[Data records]
# # # #
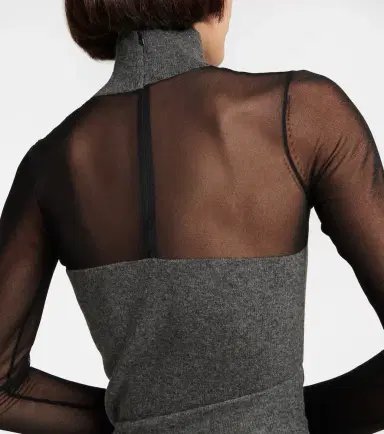 Alaïa Alaïa Mesh and wool draped minidress | Thumbnail 6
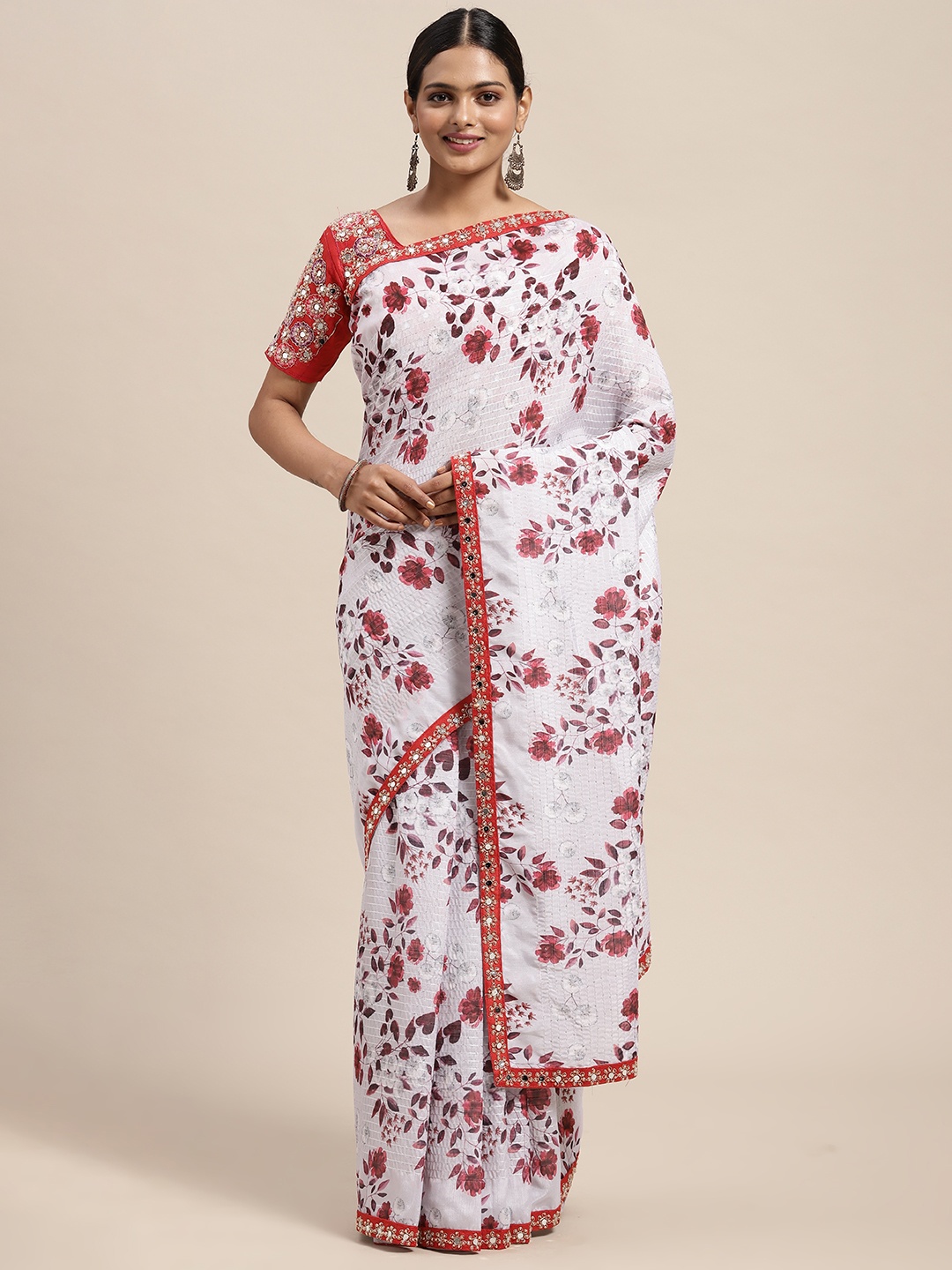 

Saree mall Grey Floral Print Rajwadi Silk Blend Saree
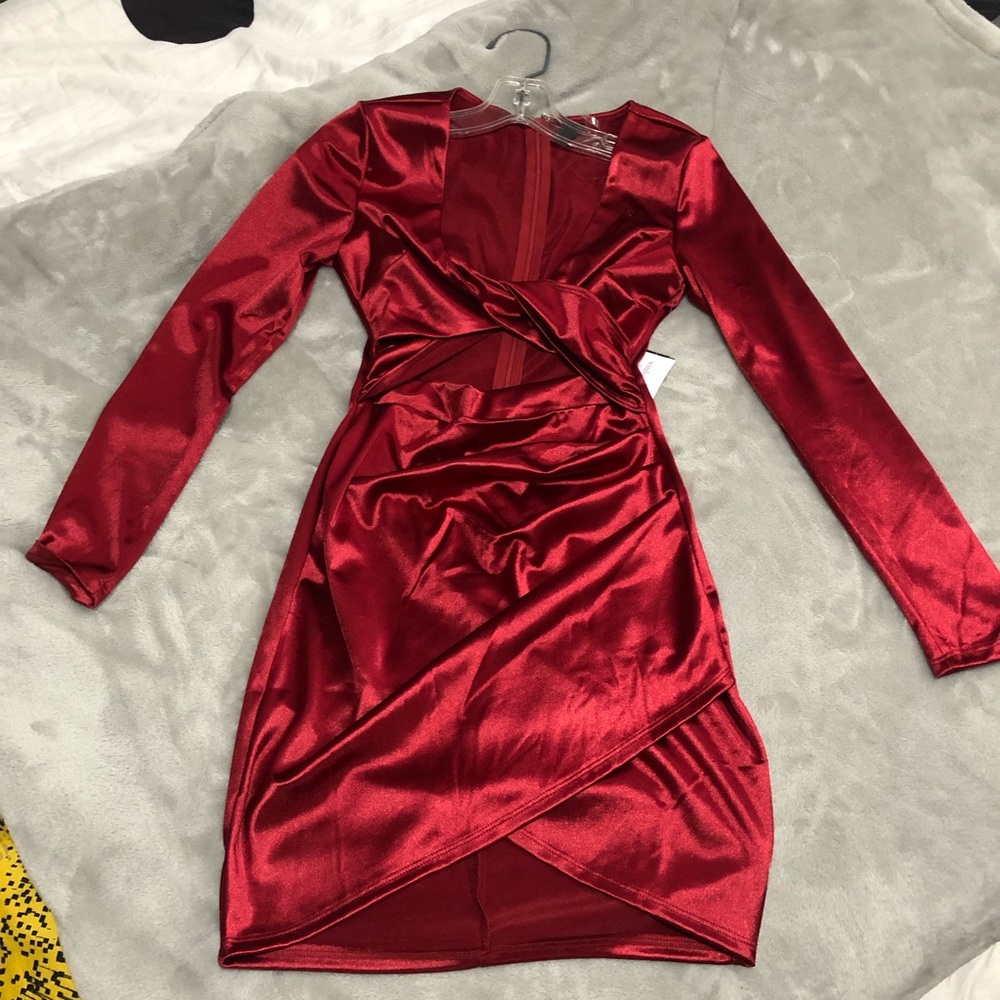 Satin red dress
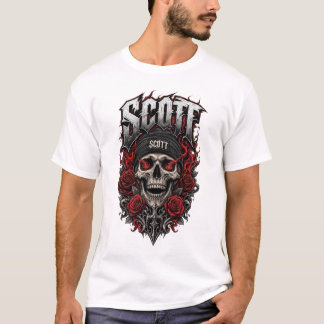 Scott Gothic Schedel Gepersonaliseerde Naam Ontwer T-shirt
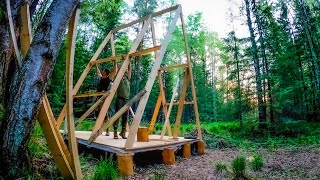 A FRAME CABIN in the WILD  THE MAKING from 0  DIY off the grid  Woodworking bushcraft and cooking [upl. by Alston936]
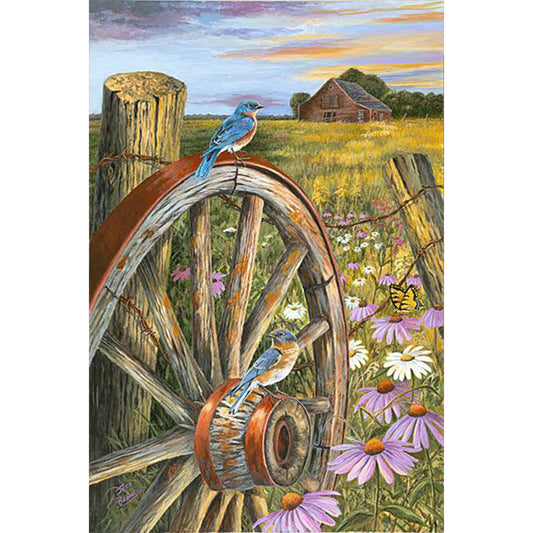 Wooden Wheel - Full Round Drill Diamond Painting 40*60CM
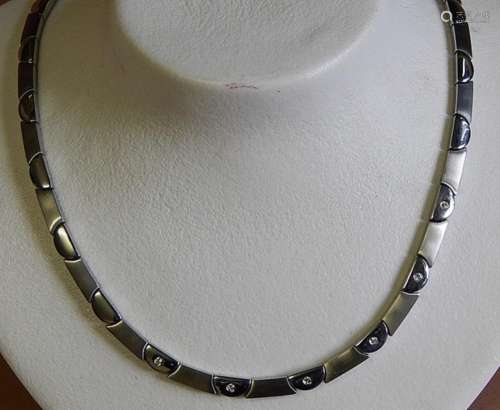 Stainless Steel Necklace with Zirconia Set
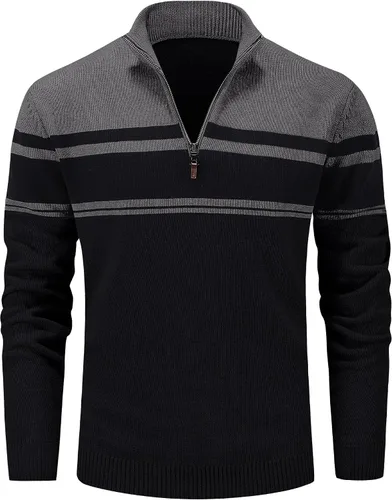 Miniatura 49 de MAGCOMSEN Suéteres de algodón con cremallera de 1/4 para hombre, suéter tipo polo, a rayas, para otoño e invierno, sudaderas cálidas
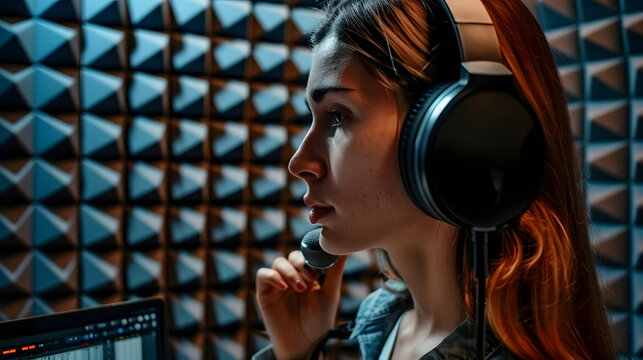 Woman in soundproof room prepares material for voice recording focusing on professional vocal delivery for dubbing or voiceover work.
# # # #
Problem: Nothing but the lines from the start of the records through the line holding "Scott Gothic Schedel" should be printed, exactly as written and with the pictures left out.

Exercise output:
 Alaïa Alaïa Mesh and wool draped minidress | Thumbnail 6

Saree mall Grey Floral Print Rajwadi Silk Blend Saree
 Satin red dress
 Scott Gothic Schedel Gepersonaliseerde Naam Ontwer T-shirt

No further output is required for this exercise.